Begleitmassnahmen nötig
Die Studie basiert auf Annahmen und Modellberechnungen. Die Resultate sind deshalb mit Vorsicht zu geniessen. Nicht berücksichtigt wurden etwa mögliche Begleitmassnahmen des Bundes zur Abfederung einer Marktöffnung. Auch eine mögliche Reduktion nichttarifärer Handelshemmnisse wurden nicht berücksichtigt. Die Studienautoren erachten es als legitim, vorübergehende Einkommensverluste der Landwirte durch Begleitmassnahmen zu kompensieren.

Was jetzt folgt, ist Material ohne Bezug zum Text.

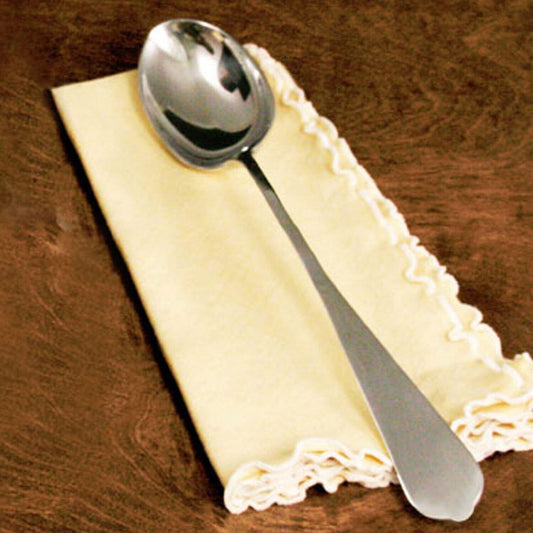 Beatriz Ball LATUR Charleston Rice Spoon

Wie muss die Schweizer Landwirtschaft auf eine Marktöffnung reagieren?
Man dürfe nicht in die "Commodity-Falle" tappen, mahnte IGAS-Geschäftsführer Jürg Niklaus. Statt austauschbarer Produkte, bei denen einzig der Preis zähle, müsse man auf Spezialitäten und Differenzierung setzen. Niklaus forderte Bauern und Verarbeiter auf, stärker zusammenzuarbeiten, gemeinsam neue Produkte zu lancieren und die Qualitätsstrategie voranzutreiben.
Ist eine weitere Liberalisierung zwingend?
Für IGAS-Präsident Luzius Wasescha ist klar: Die Marktöffnung wird kommen. Je mehr Abkommen weltweit geschlossen würden, desto mehr komme die Schweiz unter Druck. Studienautor Jacques Chavaz betonte, dass bei künftigen Handelsabkommen der Agrarsektor kaum ausgespart werde. Laut Chavaz ist aber eine "Marktöffnung light" möglich wie etwa bei Kanada (CETA) oder Japan (TPP), wo die Liberalisierung in kleinen Schritten erfolge und innenpolitisch durch Massnahmen abgefedert werde. Zudem seien Ausnahmeregelungen, etwa für sensible Produkte, denkbar.
Was bleibt zu tun?
Für die Igas ist das Verharren im Status quo keine Option. Die Branche müsse sich auf eine weitere Liberalisierung vorbereiten, forderte IGAS-Geschäftsführer Jürg Niklaus. Sonst werde man eines Tages überrumpelt.
IGAS-Präsident Luzius Wasescha forderte die Politik auf, nichts zu beschliessen, was eine Marktöffnung künftig erschwert.
Was wollen Verarbeiter und Detailhandel?
"Konkurrenzländer bauen aktiv ihr Freihandelsnetzwerk aus", sagte Daniel Imhof von Nestlé. Die Schweiz dürfe in dieser Hinsicht nicht stehen bleiben. Die Nahrungsmittelindustrie will Zugang zu ausländischen Märkten, im Export sieht sie Wachstumsmöglichkeiten. Vom Freihandel erhofft sie sich zudem tiefere Rohstoffpreise und damit mehr Wettbewerbsfähigkeit.
Der Grenzschutz verteuere die Lebensmittel, mahnte Jürg Maurer von der Migros. Jeder Haushalt zahle pro Jahr 700 Franken "zu viel" für Lebensmittel. Maurer hält ein Festhalten am Agrarschutz für riskant. Einkaufstourismus und Importe stiegen, während Schweizer Produzenten, Verarbeiter und Händler Marktanteilsverluste hinnehmen müssten.